= Nation Builders Corps =

Government initiative in Ghana

The Nation Builders Corps, also known as N.A.B.C.O, is a Ghanaian initiative to provide jobs to unemployed post-secondary school graduates (graduates of universities, training colleges, etc.) It was introduced by the government of Ghana.

The initiative aims to solve various social problems in both private and public sectors, and to build worker skills to promote economic growth. Trainees of this flagship program are given monthly stipends

== History ==
In August 2019, as a result of the closure of several non-performing banks by the Bank of Ghana, trainees whose stipends were paid onto GN Bank's Ezwich cards did not receive their stipends. Trainees had not been paid nine months on. Although NABCO has kept many unemployed graduates in temporary employment, monthly stipends have become an issue for trainees, some of whom still have arrears to be paid to them.

==NABCO cloth==
The NABCO program provides graduate trainees with African cloth so that they can show that they are part of the program or create some kind of awareness when they go to work. The cloth is supposed to be worn on Mondays and Fridays only. However, the cloth was never distributed to NABCO Trainees. The various District Coordinators compulsorily tasked trainees to pay amounts ranging from GHs 30 and 35 as fees for the supposed clothes to be sewn for them. Trainees who resisted had their timesheets not signed by their coordinator.

==Graduation==

On the 17 October 2018 trainees were invited to a graduation ceremony. On the day of the ceremony, graduates from across the country trooped to the Independence or Black Star Square. Most trainees from other regions were represented by a few, but those from Greater Accra all attended the event.
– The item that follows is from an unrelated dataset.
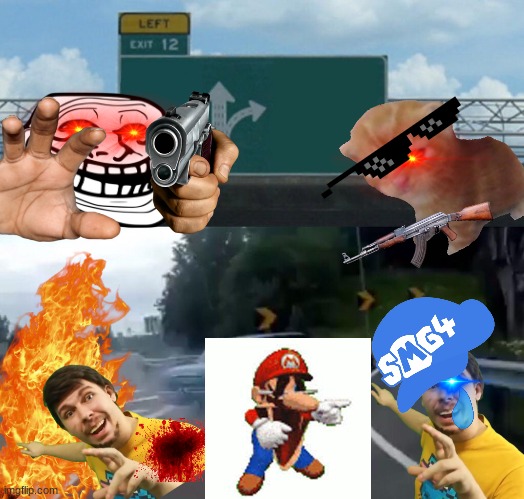 youtube thumbnails be like | image tagged in memes,left exit 12 off ramp | made w/ Imgflip meme maker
The president, vice president, and ministers of state attended the ceremony, receiving a rousing welcome from the trainees. The event commenced with Christian and Muslim prayers. The master of ceremonies was the Minister-Designate Kojo Oppong Nkrumah. Trainees were selected or volunteered matched to modules without any training. Representatives from various modules provided statistics on the number of people recruited and training costs associated.

The president's speech provided additional statistics about the initiative and how this initiative would encourage the Ghanaian youth to make a difference in the future. He commended his team for the work they did to bring this initiative to fruition.